Short web captions →
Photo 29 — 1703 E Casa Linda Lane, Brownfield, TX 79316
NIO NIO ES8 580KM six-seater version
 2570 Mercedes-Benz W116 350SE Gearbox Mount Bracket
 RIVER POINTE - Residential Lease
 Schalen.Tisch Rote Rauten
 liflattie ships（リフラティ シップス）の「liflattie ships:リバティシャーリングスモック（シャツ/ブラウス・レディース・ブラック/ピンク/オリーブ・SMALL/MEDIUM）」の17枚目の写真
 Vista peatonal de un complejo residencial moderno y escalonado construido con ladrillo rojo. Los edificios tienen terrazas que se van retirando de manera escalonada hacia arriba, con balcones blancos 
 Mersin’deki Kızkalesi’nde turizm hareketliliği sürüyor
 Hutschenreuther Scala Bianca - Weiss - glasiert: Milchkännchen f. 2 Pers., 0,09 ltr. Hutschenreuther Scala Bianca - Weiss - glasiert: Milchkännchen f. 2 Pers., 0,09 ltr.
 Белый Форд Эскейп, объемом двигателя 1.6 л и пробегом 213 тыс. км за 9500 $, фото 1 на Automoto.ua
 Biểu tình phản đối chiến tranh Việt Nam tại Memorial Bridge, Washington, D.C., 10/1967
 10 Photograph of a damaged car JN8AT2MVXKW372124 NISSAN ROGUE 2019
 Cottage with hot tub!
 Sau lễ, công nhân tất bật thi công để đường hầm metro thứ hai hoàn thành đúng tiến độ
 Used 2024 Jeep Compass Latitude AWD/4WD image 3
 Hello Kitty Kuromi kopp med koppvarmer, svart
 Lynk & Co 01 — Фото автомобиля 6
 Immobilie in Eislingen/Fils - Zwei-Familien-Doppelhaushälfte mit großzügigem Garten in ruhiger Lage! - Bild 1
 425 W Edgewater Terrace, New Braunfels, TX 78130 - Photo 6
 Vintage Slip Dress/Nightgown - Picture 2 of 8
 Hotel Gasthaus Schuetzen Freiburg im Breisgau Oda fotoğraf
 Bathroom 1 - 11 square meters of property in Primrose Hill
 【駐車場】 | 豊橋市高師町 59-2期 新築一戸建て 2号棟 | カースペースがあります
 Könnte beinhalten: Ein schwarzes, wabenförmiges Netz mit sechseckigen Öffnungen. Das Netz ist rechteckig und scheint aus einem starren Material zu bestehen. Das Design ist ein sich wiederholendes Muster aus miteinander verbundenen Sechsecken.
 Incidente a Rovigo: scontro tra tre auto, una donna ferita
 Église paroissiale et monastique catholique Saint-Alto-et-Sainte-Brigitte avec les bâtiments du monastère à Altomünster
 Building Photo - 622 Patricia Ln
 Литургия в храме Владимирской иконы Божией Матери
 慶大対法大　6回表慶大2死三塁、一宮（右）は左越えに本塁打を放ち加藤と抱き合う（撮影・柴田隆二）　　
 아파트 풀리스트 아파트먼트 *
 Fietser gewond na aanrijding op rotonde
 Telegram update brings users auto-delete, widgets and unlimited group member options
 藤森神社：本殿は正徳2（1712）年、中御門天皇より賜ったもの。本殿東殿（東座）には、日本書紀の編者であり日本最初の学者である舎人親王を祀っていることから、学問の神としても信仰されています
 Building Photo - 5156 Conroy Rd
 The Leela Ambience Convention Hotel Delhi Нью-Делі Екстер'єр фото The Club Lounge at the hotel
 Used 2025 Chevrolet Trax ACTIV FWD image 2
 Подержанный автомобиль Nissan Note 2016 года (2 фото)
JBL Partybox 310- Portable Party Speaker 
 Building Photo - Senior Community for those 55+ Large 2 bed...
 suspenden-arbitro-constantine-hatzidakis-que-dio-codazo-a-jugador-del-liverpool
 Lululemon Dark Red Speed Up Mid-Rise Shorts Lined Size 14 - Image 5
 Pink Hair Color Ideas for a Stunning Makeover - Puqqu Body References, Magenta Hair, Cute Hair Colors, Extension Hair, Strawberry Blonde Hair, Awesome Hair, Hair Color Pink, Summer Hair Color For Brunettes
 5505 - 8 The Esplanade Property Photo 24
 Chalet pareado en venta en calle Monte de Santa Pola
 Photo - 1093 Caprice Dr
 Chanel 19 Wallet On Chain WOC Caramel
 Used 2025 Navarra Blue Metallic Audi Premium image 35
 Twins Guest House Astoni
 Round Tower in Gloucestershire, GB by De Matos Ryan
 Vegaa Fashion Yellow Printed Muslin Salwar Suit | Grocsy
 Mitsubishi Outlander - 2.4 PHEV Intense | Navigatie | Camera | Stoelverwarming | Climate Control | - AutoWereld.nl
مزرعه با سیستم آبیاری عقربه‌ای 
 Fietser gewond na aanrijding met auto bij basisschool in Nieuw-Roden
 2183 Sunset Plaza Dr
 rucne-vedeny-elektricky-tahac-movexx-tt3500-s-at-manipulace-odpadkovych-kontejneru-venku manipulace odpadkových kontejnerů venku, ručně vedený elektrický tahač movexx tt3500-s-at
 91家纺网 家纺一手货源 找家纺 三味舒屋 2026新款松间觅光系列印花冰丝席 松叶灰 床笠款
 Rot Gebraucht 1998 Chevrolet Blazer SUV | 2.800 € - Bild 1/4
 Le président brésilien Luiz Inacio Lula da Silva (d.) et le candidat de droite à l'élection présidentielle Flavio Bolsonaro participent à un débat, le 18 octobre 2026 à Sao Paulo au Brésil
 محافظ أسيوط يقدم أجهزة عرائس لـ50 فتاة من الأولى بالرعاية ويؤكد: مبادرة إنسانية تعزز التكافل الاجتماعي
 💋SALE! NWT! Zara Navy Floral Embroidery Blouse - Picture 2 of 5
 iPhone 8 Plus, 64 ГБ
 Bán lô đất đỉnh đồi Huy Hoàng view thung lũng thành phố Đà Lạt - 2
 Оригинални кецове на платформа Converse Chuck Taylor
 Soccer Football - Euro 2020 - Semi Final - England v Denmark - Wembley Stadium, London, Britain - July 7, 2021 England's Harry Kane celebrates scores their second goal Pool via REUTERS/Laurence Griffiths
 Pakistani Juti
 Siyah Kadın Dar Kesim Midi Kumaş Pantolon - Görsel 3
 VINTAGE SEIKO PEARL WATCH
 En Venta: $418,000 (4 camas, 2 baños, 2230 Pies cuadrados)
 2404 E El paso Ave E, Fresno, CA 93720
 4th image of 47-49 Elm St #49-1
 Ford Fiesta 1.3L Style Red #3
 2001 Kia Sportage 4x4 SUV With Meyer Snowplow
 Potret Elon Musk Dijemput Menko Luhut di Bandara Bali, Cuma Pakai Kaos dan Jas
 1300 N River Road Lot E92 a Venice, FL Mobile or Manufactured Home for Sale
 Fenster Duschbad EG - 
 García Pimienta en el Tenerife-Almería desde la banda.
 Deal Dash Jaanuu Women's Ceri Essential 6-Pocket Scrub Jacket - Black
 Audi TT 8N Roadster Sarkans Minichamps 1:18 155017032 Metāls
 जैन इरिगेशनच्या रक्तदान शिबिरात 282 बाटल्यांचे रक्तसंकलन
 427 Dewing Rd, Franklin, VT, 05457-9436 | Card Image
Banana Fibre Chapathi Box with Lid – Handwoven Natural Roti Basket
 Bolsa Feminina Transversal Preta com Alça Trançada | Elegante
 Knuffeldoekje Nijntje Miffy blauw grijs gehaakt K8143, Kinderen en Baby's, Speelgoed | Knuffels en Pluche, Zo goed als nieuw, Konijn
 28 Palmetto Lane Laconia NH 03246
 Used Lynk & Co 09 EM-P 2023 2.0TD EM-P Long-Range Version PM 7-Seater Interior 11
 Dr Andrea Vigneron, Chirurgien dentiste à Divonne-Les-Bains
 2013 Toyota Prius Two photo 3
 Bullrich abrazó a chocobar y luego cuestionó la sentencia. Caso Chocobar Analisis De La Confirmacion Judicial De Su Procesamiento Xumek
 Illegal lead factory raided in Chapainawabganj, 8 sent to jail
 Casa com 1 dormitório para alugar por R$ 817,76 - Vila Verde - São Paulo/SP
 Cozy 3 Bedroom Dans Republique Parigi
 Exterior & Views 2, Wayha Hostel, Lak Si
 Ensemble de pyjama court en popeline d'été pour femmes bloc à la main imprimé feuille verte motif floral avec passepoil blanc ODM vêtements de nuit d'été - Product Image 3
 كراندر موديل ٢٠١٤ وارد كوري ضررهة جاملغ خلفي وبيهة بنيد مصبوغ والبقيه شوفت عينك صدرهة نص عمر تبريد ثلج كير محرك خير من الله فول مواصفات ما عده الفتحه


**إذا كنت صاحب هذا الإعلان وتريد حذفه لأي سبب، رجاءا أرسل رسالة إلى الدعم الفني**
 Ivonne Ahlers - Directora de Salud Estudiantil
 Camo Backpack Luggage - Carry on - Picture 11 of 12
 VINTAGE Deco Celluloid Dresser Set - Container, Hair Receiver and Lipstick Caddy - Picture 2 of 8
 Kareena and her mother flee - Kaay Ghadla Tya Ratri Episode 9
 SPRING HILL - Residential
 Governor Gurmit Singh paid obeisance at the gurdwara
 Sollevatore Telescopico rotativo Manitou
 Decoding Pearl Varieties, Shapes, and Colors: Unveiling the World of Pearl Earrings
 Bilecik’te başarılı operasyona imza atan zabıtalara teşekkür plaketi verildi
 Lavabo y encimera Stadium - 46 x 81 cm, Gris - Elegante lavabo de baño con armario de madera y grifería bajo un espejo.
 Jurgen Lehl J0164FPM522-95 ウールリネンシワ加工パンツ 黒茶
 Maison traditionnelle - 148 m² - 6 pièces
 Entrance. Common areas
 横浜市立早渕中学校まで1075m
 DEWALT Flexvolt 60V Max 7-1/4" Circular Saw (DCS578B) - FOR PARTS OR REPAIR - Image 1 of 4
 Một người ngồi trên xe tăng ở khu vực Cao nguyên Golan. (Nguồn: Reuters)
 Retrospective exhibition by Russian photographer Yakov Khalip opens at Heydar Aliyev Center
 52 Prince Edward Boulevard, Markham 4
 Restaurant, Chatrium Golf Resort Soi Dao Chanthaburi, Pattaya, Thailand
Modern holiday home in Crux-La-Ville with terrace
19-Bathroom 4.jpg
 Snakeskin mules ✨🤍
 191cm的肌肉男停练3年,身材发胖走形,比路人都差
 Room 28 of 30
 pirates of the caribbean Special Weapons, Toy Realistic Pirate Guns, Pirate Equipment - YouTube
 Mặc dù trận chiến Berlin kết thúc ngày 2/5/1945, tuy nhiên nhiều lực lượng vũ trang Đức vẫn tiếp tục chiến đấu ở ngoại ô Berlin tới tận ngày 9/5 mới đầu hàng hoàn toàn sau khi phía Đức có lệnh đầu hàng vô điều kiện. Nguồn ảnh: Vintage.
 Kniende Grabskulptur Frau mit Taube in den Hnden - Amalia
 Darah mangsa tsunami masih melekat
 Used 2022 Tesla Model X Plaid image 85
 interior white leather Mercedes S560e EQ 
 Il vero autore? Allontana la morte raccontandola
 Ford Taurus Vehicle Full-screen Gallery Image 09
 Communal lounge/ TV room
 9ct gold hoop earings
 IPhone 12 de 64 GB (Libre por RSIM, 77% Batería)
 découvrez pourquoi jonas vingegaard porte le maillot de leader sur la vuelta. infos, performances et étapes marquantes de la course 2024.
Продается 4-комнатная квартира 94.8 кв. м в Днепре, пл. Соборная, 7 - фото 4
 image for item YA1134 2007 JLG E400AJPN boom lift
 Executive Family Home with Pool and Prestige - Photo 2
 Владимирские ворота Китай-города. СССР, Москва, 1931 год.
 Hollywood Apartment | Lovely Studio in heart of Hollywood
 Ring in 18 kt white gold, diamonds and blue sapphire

TASK DETAILS → Every line above holding the string "Mercedes" should be listed.

WORKED SOLUTION →
 2570 Mercedes-Benz W116 350SE Gearbox Mount Bracket
 interior white leather Mercedes S560e EQ 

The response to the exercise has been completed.